It was hands-down one of the funniest things I had ever seen on a beach. I was with a friend in Nice, on the French Riviera, surrounded by locals and tourists in various stages of undress. Not far from me were a couple of topless girls and local etiquette stipulated that everyone had to act like everything was normal. And, for a French beach in the summer, everything basically was. Well, at least it was until a group of American teenagers, in predictable khaki shorts and baseball caps, came over and struck up conversation with the topless ones.
The guys’ intent was clear: they wanted a picture with the women. Amused at the ballsy request, the women obliged the horn dogs and posed with their newfound American friends. The guys were delighted but conversation quickly dried up because of the language barrier and they took off. The best part was when one of the guys hollered, “Y’all keep it up now!” over his shoulder. Beautiful.
The young guys’ break with etiquette was amusing. If they had been locals or at least somewhat accustomed to Mediterranean protocol, they would have been considerably less eager with their photo requests. Everyone came out of this one well – the nervous kids, the nonchalant boob models and the amused onlookers. Observing the whole incident made me think about the huge role of cultural rules in the day-to-day – right down to beach attire and how to acknowledge topless strangers. It also made me think of what allows us to bend the rules of culture (in this case, approaching topless women) and test the boundaries society decides are appropriate.
Malcolm Gladwell in his book “The Tipping Point” identifies the drivers of societal change as Connectors (social magnets that are master networkers and love nothing more than working a crowd), Mavens (information specialists, people that have the information society needs) and Salesmen (Charismatic, persuasive people that can get people to agree with them).

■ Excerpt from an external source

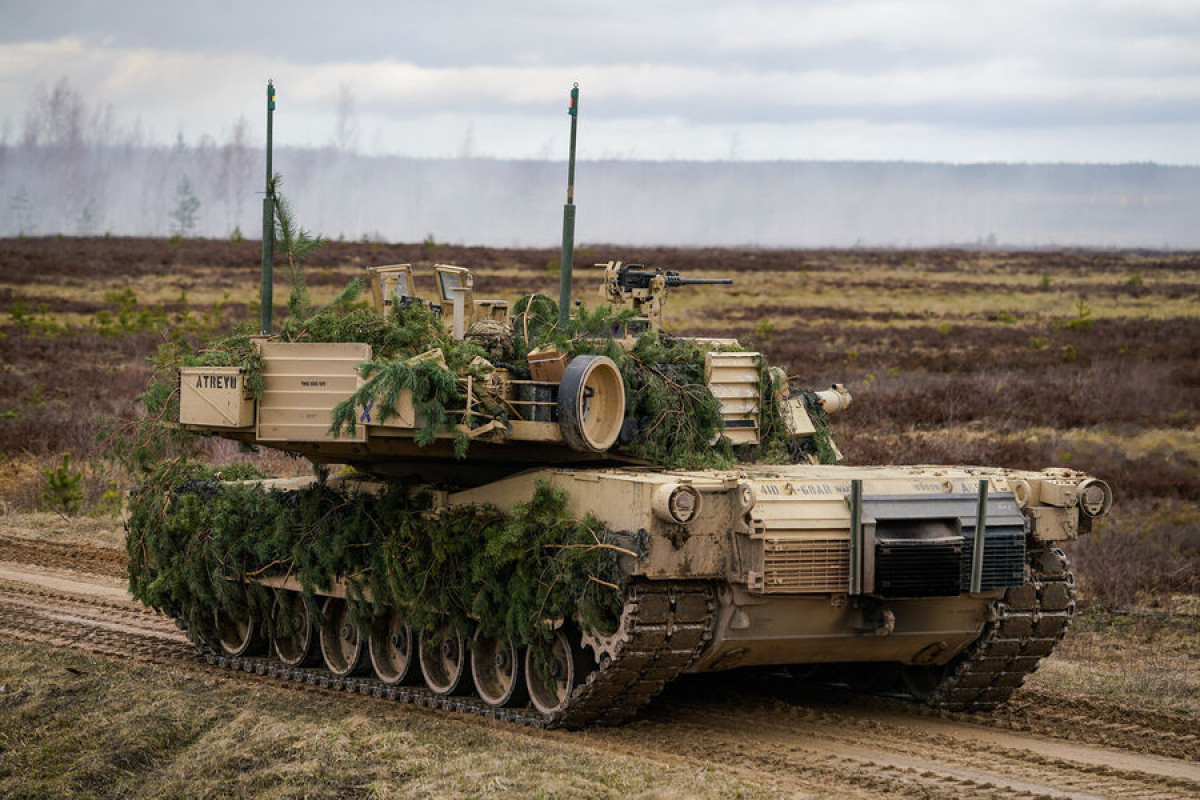 Байден объявит о решении поставить Украине танки Abrams - Сегодня  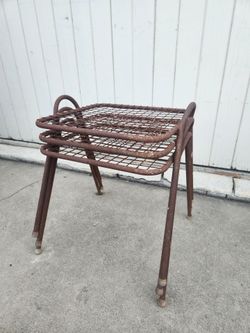 FREEEEE metal table set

When all three kinds of personalities come together and benefit from a strong message and favorable circumstances, you get enough traction to affect major societal shifts.
Watching the kids I saw each of the personality-based change agents. There was the Connector – the kid in the group that probably was the reason they were all on the beach, skipping the assigned lecture on Franco-Spanish relations. Then there was the Maven – the pervy nerd who’d worked out what stretch of beach would yield the best topless odds. And finally, there was the Salesman who talked both his friends and the busty French into posing for the camera.
So there you have it: a little example of how cultural change, however insignificant, can be achieved. Whenever cultural rules feel rigid and overbearing, remember that with some clever planning, some key leadership and a little luck, rules can bend and boundaries can shift. And there’s nothing that some teenage spunk and some multicultural levity can’t fix.